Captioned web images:
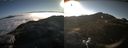 ./images/calvert/buxton2/20180807/buxton220180807_072955M.jpg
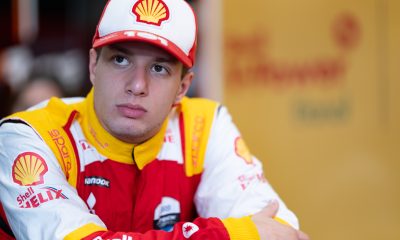 Gianluca Petecof José Mário Dias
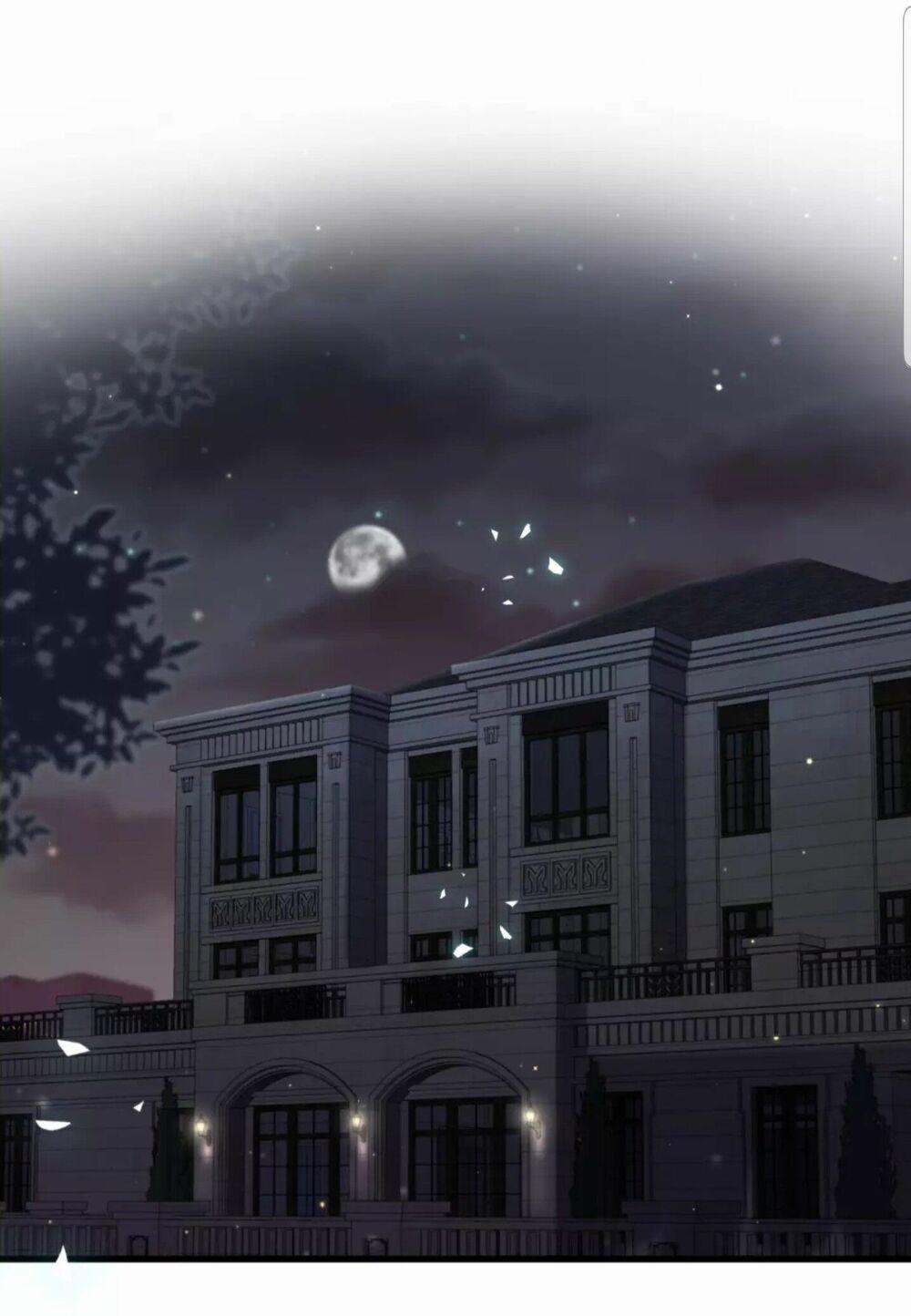 Đứa Bé Là Của Ai ???? 92 trang 1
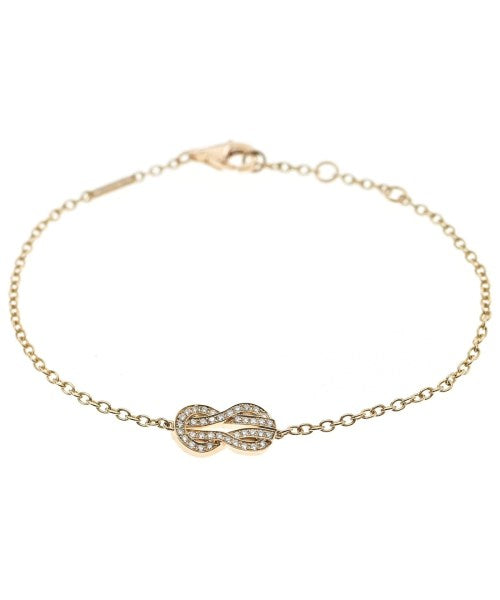 FRED สร้อยข้อมือ/กำไล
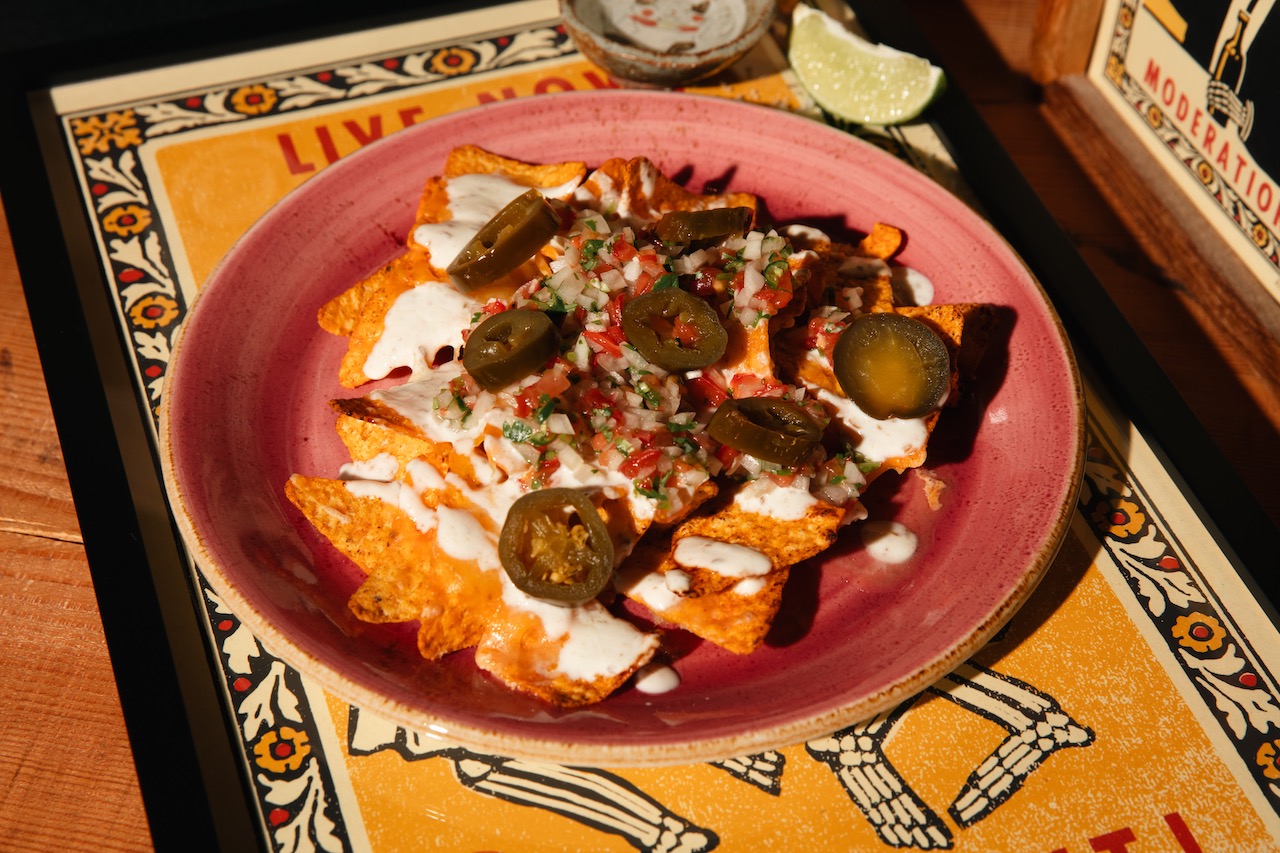 Niseko, Beyond the Slopes: Where to Eat and Drink in Niseko After Skiing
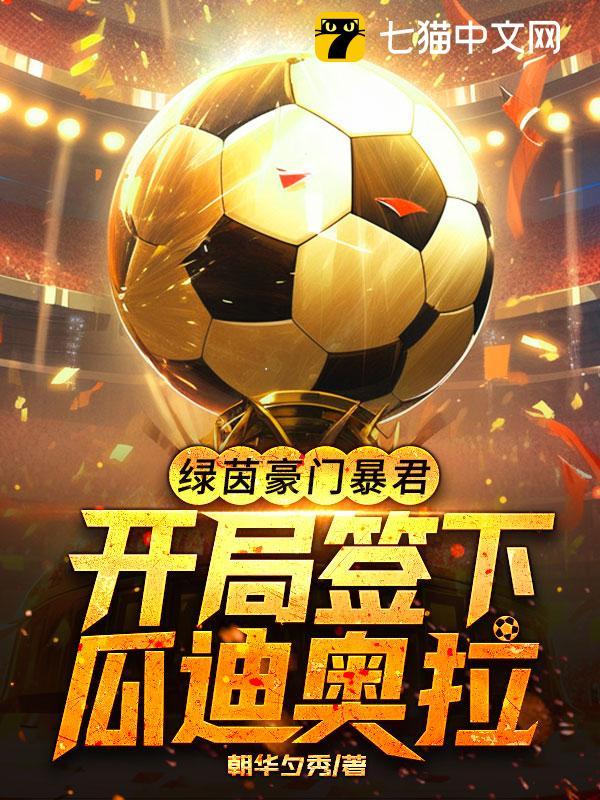 ������ű���������ǩ�¹ϵϰ���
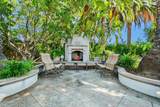 10362 Jerome Street - Photo 49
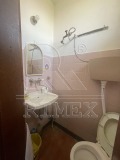 Продава КЪЩА, област Пловдив, с. Марково • 299990 € • 72649060 — Holmes.bg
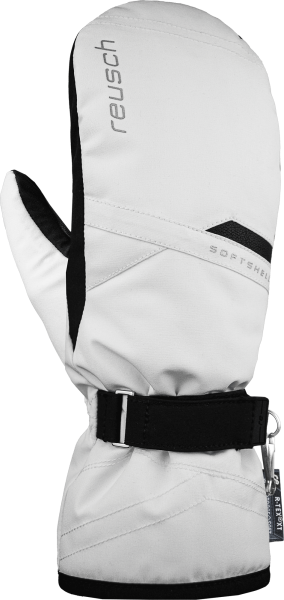 Reusch Reusch Helena R-TEX® XT Mitten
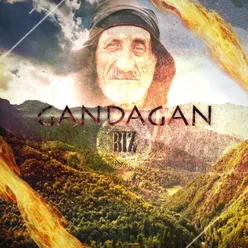 Gandagan
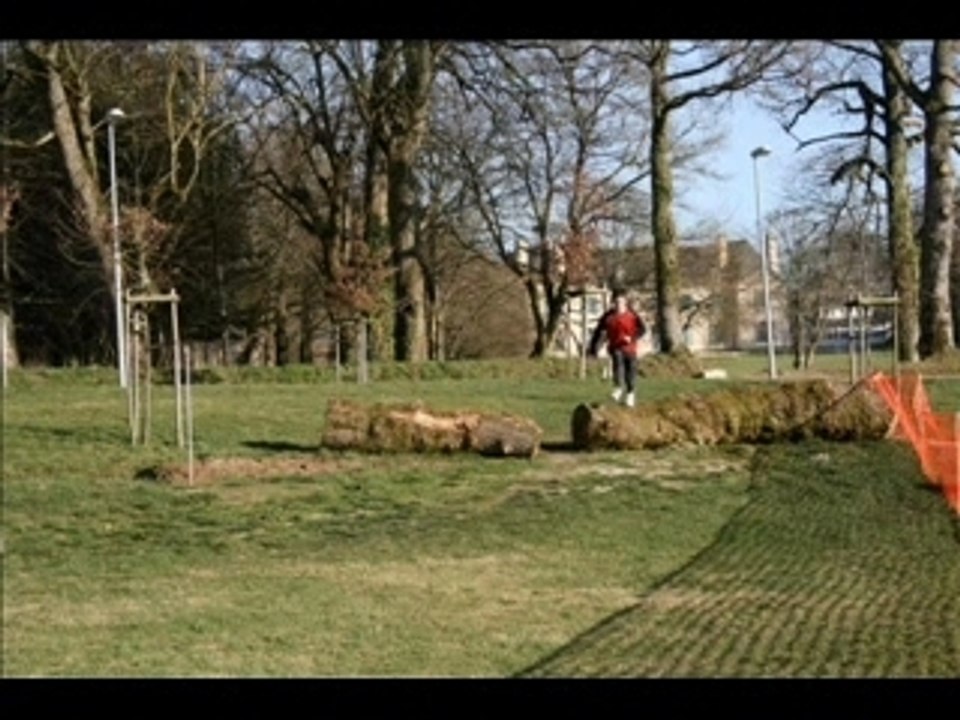 0514c39d63dd98ae.wmv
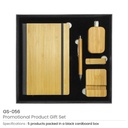 41017 - Promotional-Gift-Sets-GS-056-Details.jpg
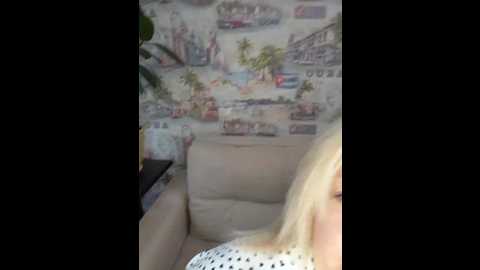 Media: anesteishen Bongacams 2024-10-04 06:58:00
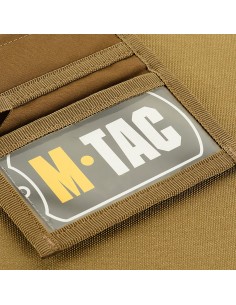 M-TAC Elite Gen.II Rahakott Cordura 500D (erinevad värvid)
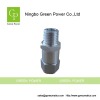 NPT3/4&quot; SS316 check valve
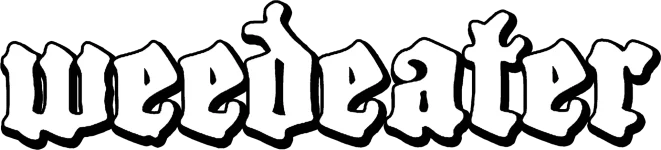 1715851007177.webp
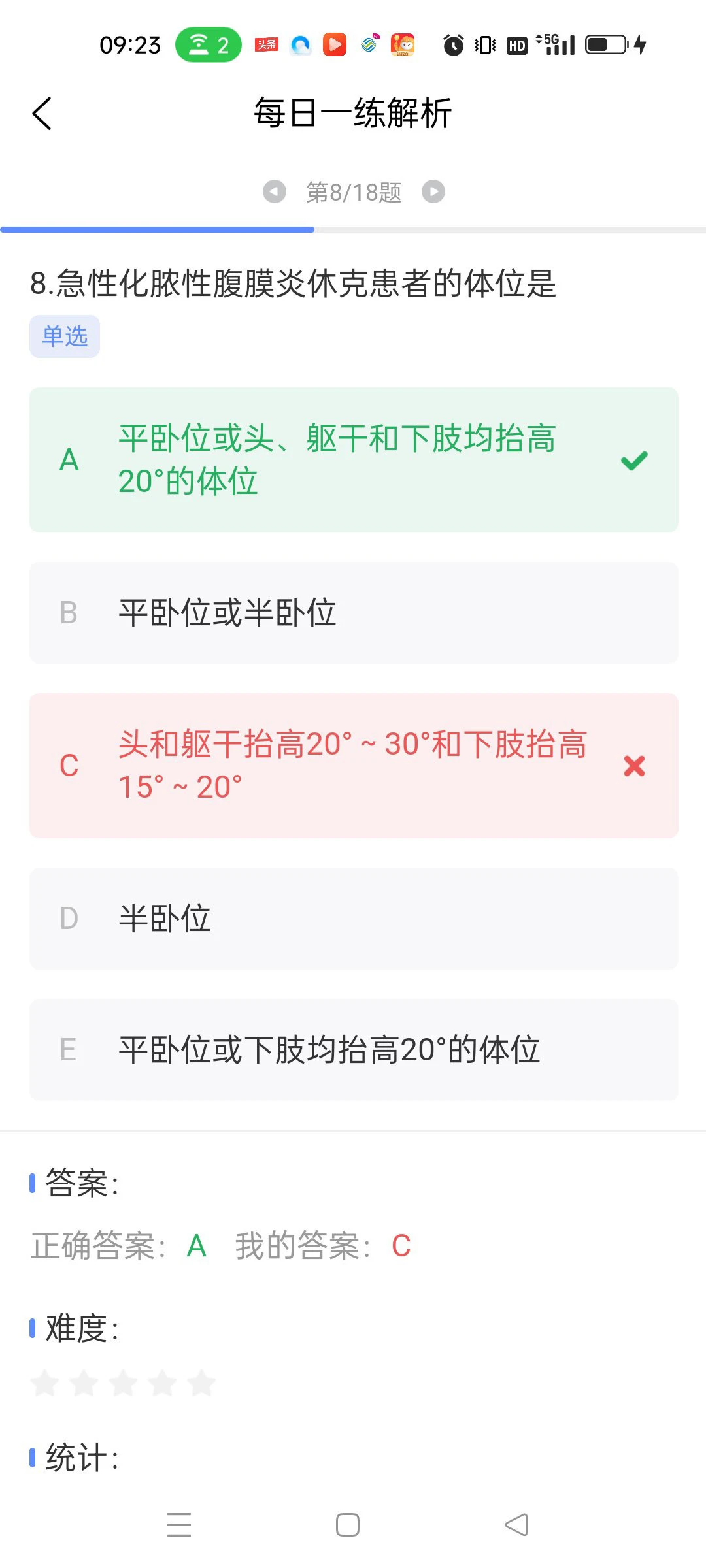 你们去KTV必点的一首歌是什么?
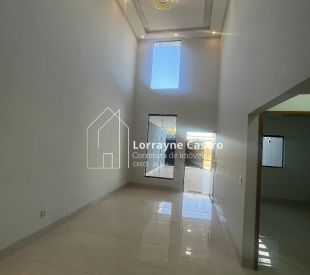 WhatsApp Image 2025-08-25 at 17.10.59 (2)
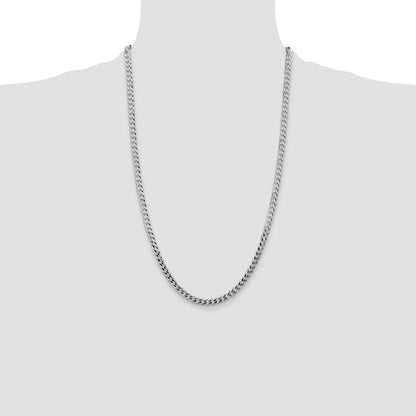 QLB120R-26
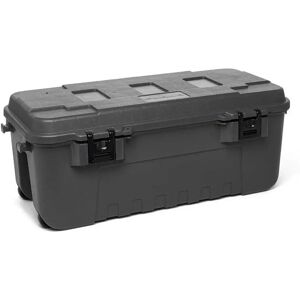Plano L Sportmans Trunk Tackle Box CH One Size unisex Plano L Sportmans Trunk Tackle Box CH One Size unisex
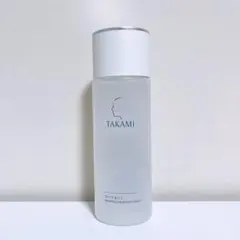 タカミ ローションE I 化粧水のサムネイル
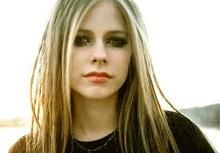 Avril Lavigne - NEWS December 18, 2006, 10:05 AM ET Jonathan - STARS. NEWS.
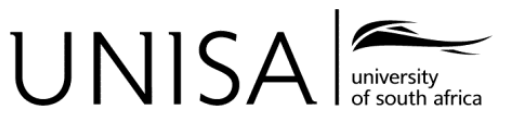 UNISA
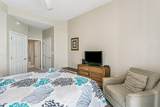 8575 Gulf Boulevard - Photo 29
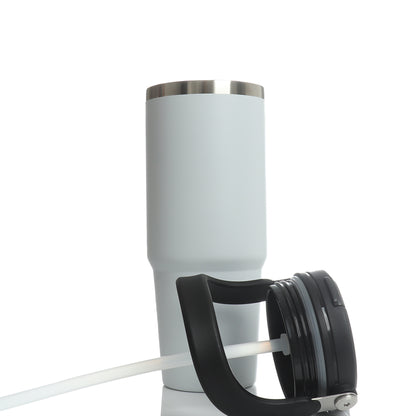 Vaso 30oz | Blanco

Task instructions
Copy exactly the lines from the one containing "1715851007177.webp" to the end of the records, both included, and leave the pictures out.

Answer box
 1715851007177.webp
 你们去KTV必点的一首歌是什么?
 WhatsApp Image 2025-08-25 at 17.10.59 (2)
 QLB120R-26
Plano L Sportmans Trunk Tackle Box CH One Size unisex Plano L Sportmans Trunk Tackle Box CH One Size unisex
 タカミ ローションE I 化粧水のサムネイル
 Avril Lavigne - NEWS December 18, 2006, 10:05 AM ET Jonathan - STARS. NEWS.
 UNISA
 8575 Gulf Boulevard - Photo 29
 Vaso 30oz | Blanco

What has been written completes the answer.